Nonsymmorphic Topological Phases of Non-Hermitian Systems
Daichi Nakamura, Yutaro Tanaka, Ken Shiozaki, Kohei Kawabata
TL;DR
This work extends the non-Hermitian topological classification by incorporating nonsymmorphic symmetry, introducing pseudo-nonsymmorphic variants, and mapping to Hermitian problems via Hermitization. It identifies new non-Hermitian topological crystalline phases, including $\mathbb{Z}_2$ and $\mathbb{Z}_4$ classifications, with distinctive boundary states such as loop-like edge spectra, hourglass modes, and skin effects protected by NSG symmetry. The authors provide concrete 2D and 3D models across symmetry classes A, AII$^{\dag}$, and AIII, deriving invariant formulas (Berry-phase, time-reversal polarization) and presenting continuum and lattice realizations.
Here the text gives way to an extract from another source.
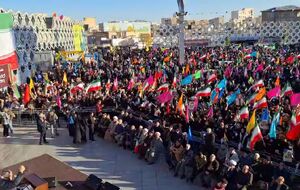 فیلم/ بزرگداشت حماسه ۹ دی در میدان امام حسین (ع) تهران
The results expand the landscape of open-system topological phases and suggest experimental routes in synthetic platforms to realize NSG-protected non-Hermitian boundary phenomena.
Abstract
Non-Hermiticity appears ubiquitously in various open classical and quantum systems and enriches classification of topological phases. However, the role of nonsymmorphic symmetry, crystalline symmetry accompanying fractional lattice translations, has remained largely unexplored. Here, we systematically classify non-Hermitian topological crystalline phases protected by nonsymmorphic symmetry and reveal unique phases that have no counterparts in either Hermitian topological crystalline phases or non-Hermitian topological phases protected solely by internal symmetry. Specifically, we elucidate the $\mathbb{Z}_2$ and $\mathbb{Z}_4$ non-Hermitian topological phases and their associated anomalous boundary states characterized by distinctive complex-valued energy dispersions.